Task details = Look through the data below for the line with "Eladó családi ház, Veszprémben" and the line with "Bursa’da gazete kağıtları", then transcribe exactly from the first through the second, leaving out all pictures.

Data =
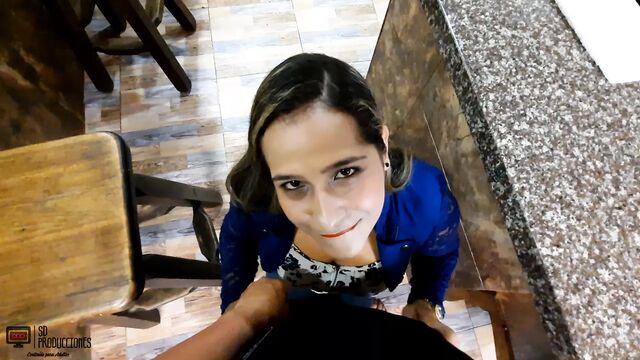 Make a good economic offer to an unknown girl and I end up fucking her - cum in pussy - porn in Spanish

* * *

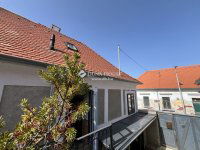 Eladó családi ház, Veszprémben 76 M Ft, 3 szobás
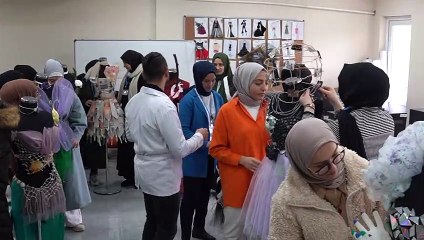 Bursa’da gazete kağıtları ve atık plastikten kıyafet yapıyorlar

* * *

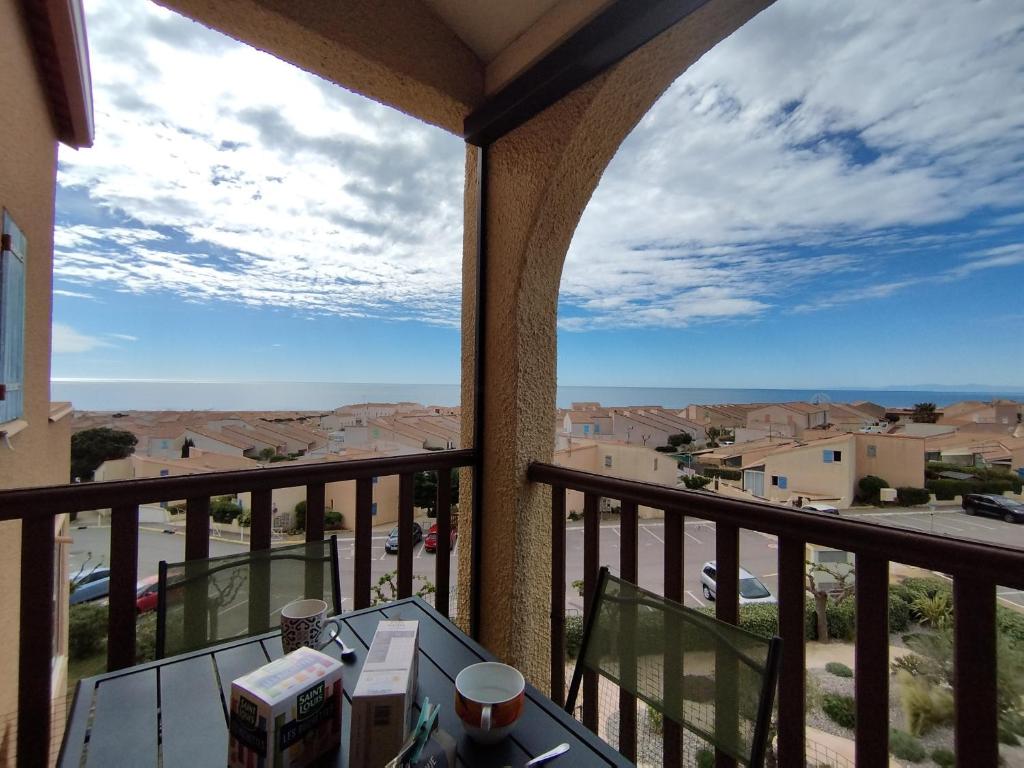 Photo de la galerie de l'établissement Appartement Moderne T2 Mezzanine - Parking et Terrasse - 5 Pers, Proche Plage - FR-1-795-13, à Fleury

Exercise solution =
 Eladó családi ház, Veszprémben 76 M Ft, 3 szobás
 Bursa’da gazete kağıtları ve atık plastikten kıyafet yapıyorlar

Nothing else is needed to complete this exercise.